WRRZ
- Clinton, North Carolina; United States;
- Frequency: 880 kHz
- Branding: Radio Nueva Vida

Programming
- Format: Spanish Christian Radio Nueva Vida

Ownership
- Owner: Educational Media Foundation; (Educational Media Foundation);

History
- First air date: 1947
- Call sign meaning: W RR (Double R) Z

Technical information
- Licensing authority: FCC
- Class: D
- Power: 1,000 watts day
- Translator: 102.5 W273CP (Clinton)

Links
- Public license information: Public file; LMS;

= WRRZ =

WRRZ (880 AM) is a radio station broadcasting a Spanish Christian format. It is licensed to Clinton, North Carolina, United States. The station is owned by Educational Media Foundation WRRZ must power down at night due to WHSQ in New York City, a clear-channel station, operating on the same frequency.

==History==
WRRZ signed on April 5, 1947.

In 1966, the station's tower was blown down by high winds that caused widespread damage in North Carolina.

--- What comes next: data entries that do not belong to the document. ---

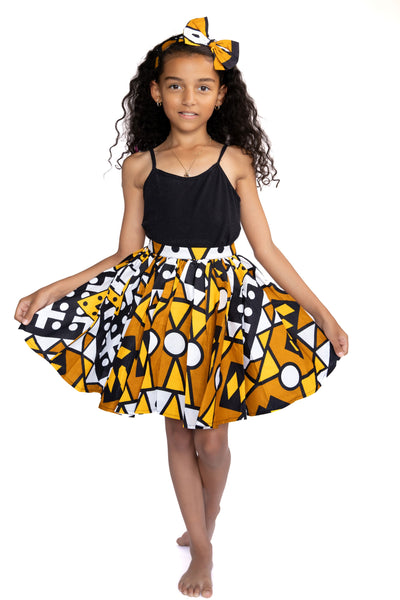 African print Kids Skirt + Headtie with Bow set - Mustard Yellow Samakaka ( 1 - 10 years )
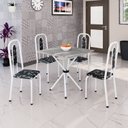 Ver imagem 1 de Mesa de Jantar com Kit 4 Cadeiras Madeira Lívia Preto Branca
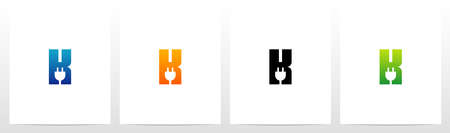Power Plug On Letter Logo Design Kのイラスト素材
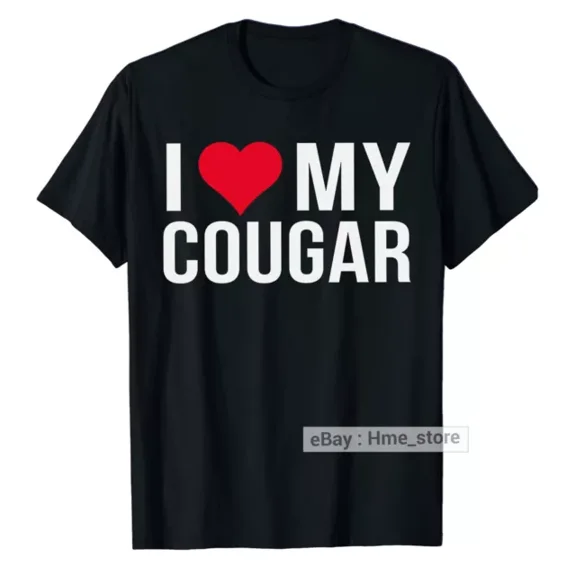 Hot Trending T-Shirt With I Love My Cougar T-Shirt Heart Boyfriend Husband Valentine Gifts For Him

For most of its history, the station played country music and Southern gospel. The station's 1000-watt signal covered 28 counties. The last day that WRRZ played a county music format was February 14, 2003.

After 25 years at the station, Dave Denton sold WRRZ to Victor and Martha Sanchez, who had bought time on the station since 1990, in a deal effective February 7, 2003. The station is no longer on the air.